Ditch Your Phone And Do Downward-Facing Device

Julie Phillips-Turner
Ditch Your Phone And Do Downward-Facing Device

Has society forgotten how to socialize? Are we so dependent on our phones, tablets, and the Internet that we are slowly wandering away from interacting with each other?

Have you noticed how it’s normal to be in a room with several other people but no one is talking because they’re connecting with other people on their smart phone via text or some other social media app?

You might even be reading this from your phone. If you are, do yourself a favor, (after you finish this article) put it down and connect with the person next to you.

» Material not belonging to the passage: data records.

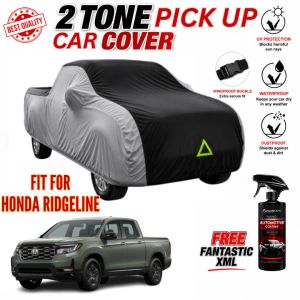 2Tone Heavy Duty PICK UP CAR Cover for Honda Ridgeline–Waterproof UV Protection Outdoor Cover Windproof w/ FANTASTIC XML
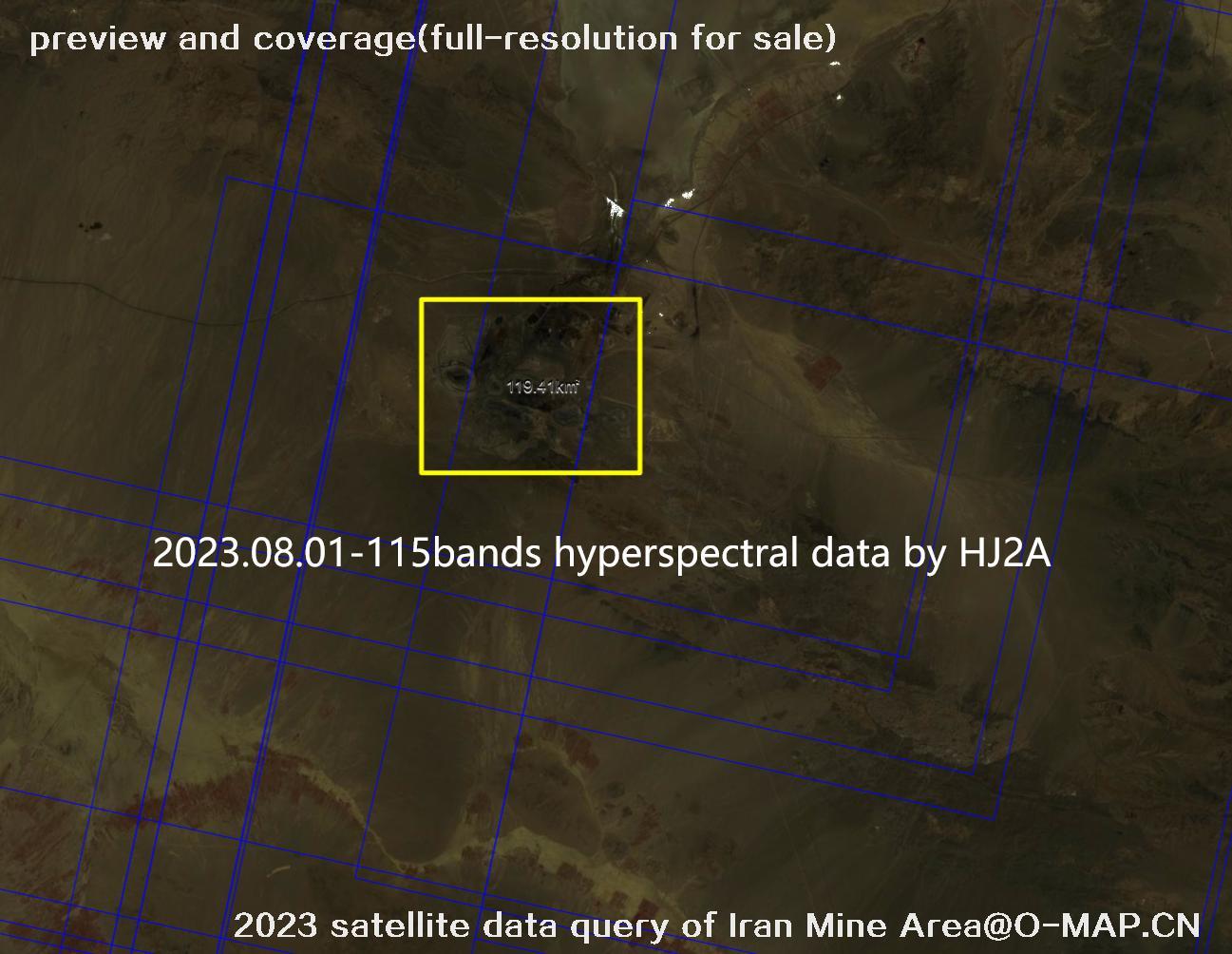 The 2023 satellite data query results of Iran Mine Area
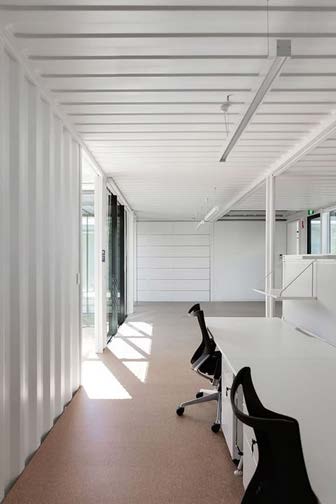 Fitted-out clinical corridor and office space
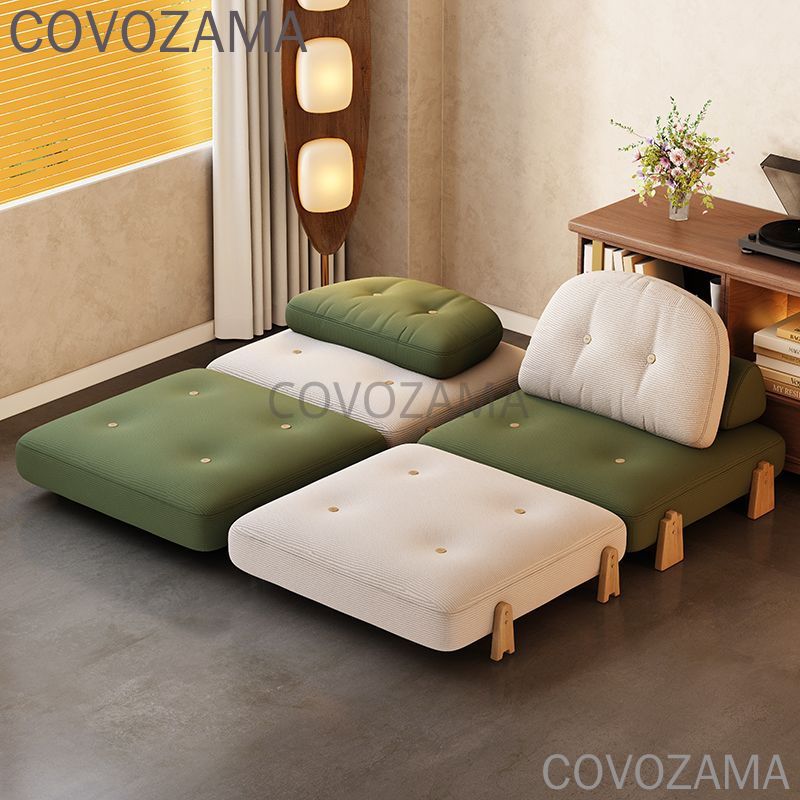 [Free Shipping] Japanese Modular Combination Fabric Sofa Solid Wood ...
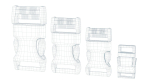Set of 4 Buckles for Lanyards or similar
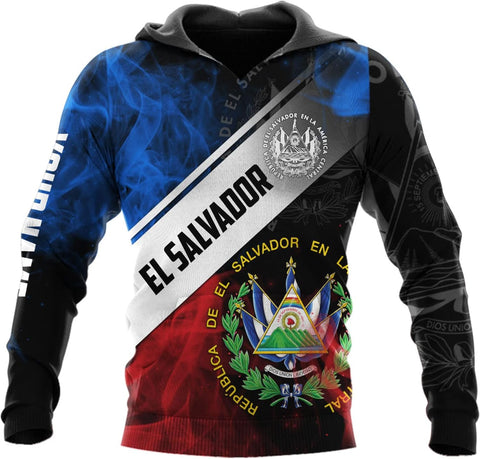Personalized El Salvador Shirt Custom Camiseta de El Salvador Flag Shirt Men, Women Salvadorans Pride El Salvadoreña Tshirt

And stop hunching forward – it’s bad for your posture, and your health.

A Close-Hearted Generation?

A fellow yoga instructor and I were talking about how many people we see each day that are more connected to their devices than anyone around them.

“Especially the kids,” she said, asking, “What’s it going to be like for them when they grow up? How are they going to learn to connect with other people in real time – face to face?” That’s when it really hit me – we’re going to have ourselves a really closed-hearted generation if we’re not careful to teach kids the importance of interaction – and that “social” means more than just online media sharing.

And by closed-hearted generation, I also mean a generation of bad spines caused by years of hunching over their smart phones. Think of your physical position while you’re holding your smart phone or tablet: your shoulders are hunched forward; your back is rounding forward; and your chin is dropped to your chest.

Visualize the kyphotic spine of an elderly person on a teenager. That’s where we’re headed.

Body Language Speaks Volumes

In most situations, a rounded spine and shoulders come after years of bad posture, but if this is the way you are growing up through adulthood, chances are, the posture will stick. Visualize the rounded posture in terms of an emotional state and the words sad, inward, depressed, or closed off from others might come to mind.

The organs that are affected in the chest region – the lungs and the heart – are affected energetically and physically. The heart, the seat of love and compassion, is closed in; the breath becomes shallower since the lungs have less room to expand and absorb oxygen, and, in turn, the body loses energy and prana – physically and emotionally.

Face to face contact is social.

So, if we have a generation that only knows smart phones and social media as a way of communication, we are potentially creating a group of people that don’t know how to open up to others in real life.

How Can We Remedy This?

Simple. Stop relying on social media and texting as your main way of socializing. Even schedule lunches, events, get-togethers with friends and agree to put your devices away for the evening.

Another great solution is to open up the heart again with yoga. Lots of heart opening asana and breathwork can help the rounded shoulders and shallow breath; but only the device user can make the decision to change their habits.

A few easy heart-opening asana include:

  1. Bujangasana (Cobra pose)
  2. Gomukasana (Cow-face pose)
  3. Ustrasana (Camel pose)
  4. Setu Bandhasana (Bridge pose)
  5. Matsyasana (Fish pose) – gentle version, with legs straight, and the upper back supported by a rolled up blanket place just below the shoulderblades.
  6. Deep one-to-one ujjayi breathing, with a brief hold at the top of the inhale.

The best pose, however, is downward-facing device. Turn away from it, put it down...and do it often.